Project

General

Profile

Issue #1780

Update the webview apk

Added by Wolfgang Wiedmeyer almost 3 years ago. Updated 4 days ago.

Status:
New
Priority:
Urgent
Assignee:
Category:
Security
Target version:
Start date:
03/15/2017
Due date:
% Done:

0%

Estimated time:
Resolution:
Device:

Description

Due to #705, the webview apk in Replicant 6.0 cannot be updated. Currently, webview version 43.0.2357.134 is in use. It was released in July 2015 and has numerous security issues that were discovered since then.

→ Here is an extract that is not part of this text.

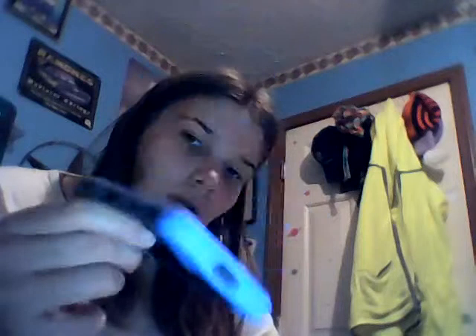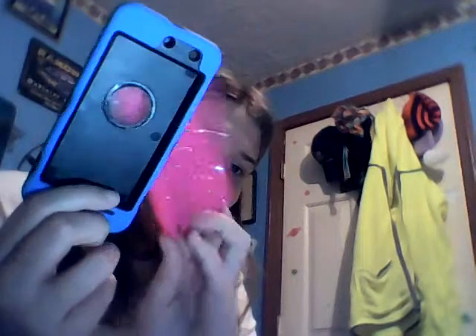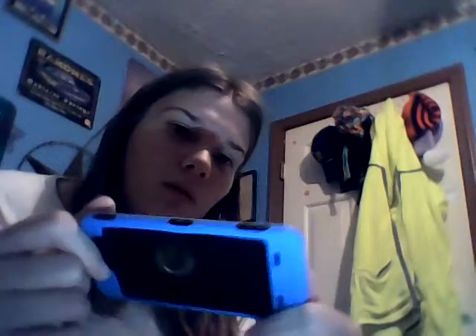The very first case I got was this blue Defender case. I used it for a day or two, then got my pink one in the mail from China. But this one is from eBay also — it's just a three-piece case. I put an Apple sticker on it. When in doubt, put an Apple sticker on it.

Updating the webview apk would fix a lot of security issues and would ensure that websites can be visited securely using the browser shipped with Replicant or Lightning.


Related issues

Related to Replicant - Issue #1786: Review the Chromium Webview build environmentNew04/09/2017

Actions
Related to Replicant - Issue #1947: Ask upstream F-Droid to build up to date WebViewNew08/22/2019

Actions
Blocked by Replicant - Feature #1844: Select libagl/llvmpipe per appResolved11/02/2017

Actions
Blocks Replicant - Issue #1960: Build release candidate image for 6.0 0004New10/09/2019

Actions

History

#1

Updated by Wolfgang Wiedmeyer almost 3 years ago

  • Assignee changed from Paul Kocialkowski to Wolfgang Wiedmeyer
#2

Updated by Jeremy Rand over 2 years ago

FWIW, I've been happily using llvmpipe for about 2 weeks based on Wolfgang's instructions for Replicant 6.0. It's definitely less snappy, but I'm okay with the extra lag in return for the improved security of using Orfox. Would it be feasible to release an alternate Replicant 6.0 build with a current WebView, for the users like me who are okay with llvmpipe's current state?

#3

Updated by Kurtis Hanna over 2 years ago

It is my understanding that newer versions of webview currently can't be used because they don't work with the software rendering.

#4

Updated by Wolfgang Wiedmeyer over 2 years ago

FWIW, I've been happily using llvmpipe for about 2 weeks based on Wolfgang's instructions for Replicant 6.0. It's definitely less snappy, but I'm okay with the extra lag in return for the improved security of using Orfox.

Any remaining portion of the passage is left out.